A 38-year-old man has been charged in connection with the murder of a six-year-old schoolboy who was killed more than 25 years ago.
James Watson is accused of strangling Rikki Neave, whose body was found in woodland in Peterborough in November 1994.
Watson is due to appear at Peterborough Magistrates’ Court on Thursday, Cambridgeshire Live reports.
Rikki was last seen leaving for school at around 9am on Monday, November 28, 1994, from his home in Redmile Walk, Welland.
Rikki’s body was found in a wooded area off Eye Road, close to Willoughby Court, the following day – five minutes’ walk from his home in the Welland Estate. Rikki’s uniform was found dumped in a nearby bin.
A post mortem examination concluded that Rikki had died as a result of compression of the neck, or strangulation.
Rikki’s mother, Ruth, was initially accused of his murder, but she was later cleared of the killing and instead found guilty of child neglect and cruelty, and jailed for seven years.

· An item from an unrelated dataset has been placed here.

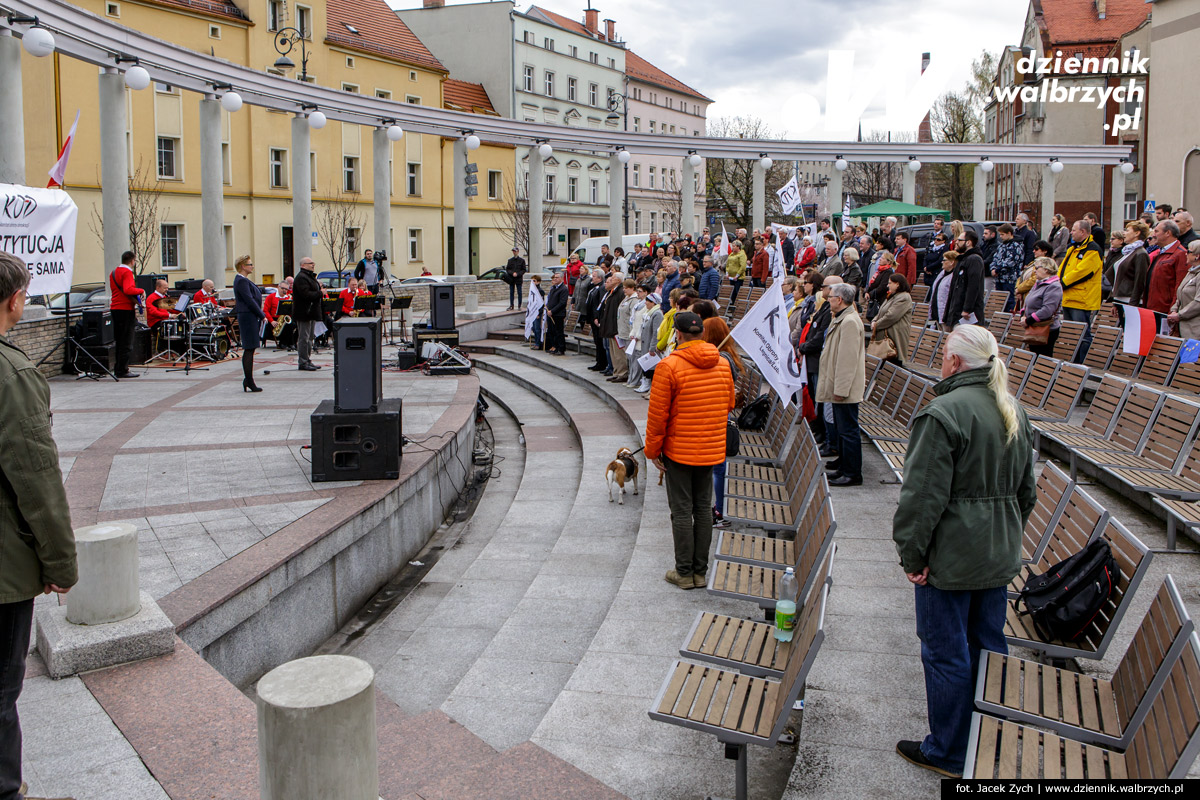 16.04.2016 Wałbrzych. KOD (Komitet Obrony Demokracji) w Wałbrzychu zorganizował na Placu Teatralnym czytanie Konstytucji RP. fot. Jacek Zych / Dziennik Wałbrzych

In 2014, police looked again at the cold case and began re-investigating in 2015.
Assistant chief constable Paul Fullwood, who led the high profile investigation, said: “The cold case review into Rikki’s murder was undertaken by the Bedfordshire, Cambridgeshire and Hertfordshire Major Crime Unit in 2014.

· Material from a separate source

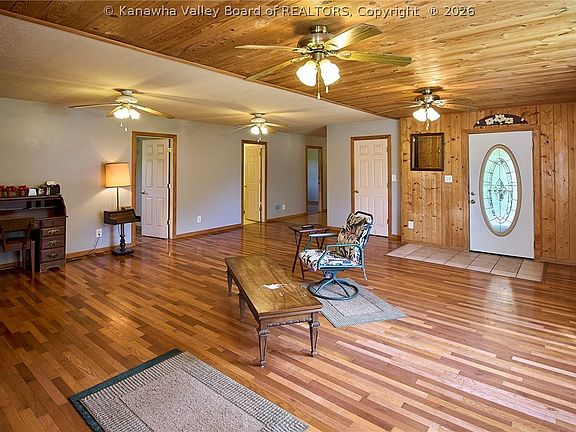 5th image of 498 Little Queen Rd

“We began re-investigating the case in 2015 and following extensive investigative work, we have now been authorised by the Crown Prosecution Service to charge James Watson in connection with his death.”
Chief Crown Prosecutor Chris Long, said: “Following the death of Rikki Neave in Peterborough in November 1994, the Crown Prosecution Service has today authorised Cambridgeshire Constabulary to charge James Watson, 38, with murder. He was 13 at the time of the murder.
“Rikki Neave’s family have been informed.
“The decision was made following careful consideration of all the evidence presented to us by Cambridgeshire Constabulary as a result of their cold case review and subsequent lengthy and complex investigation.
“Criminal proceedings against Mr Watson are now active and he has a right to a fair trial. It is extremely important that there should be no reporting, commentary or sharing of information online which could in any way prejudice these proceedings.”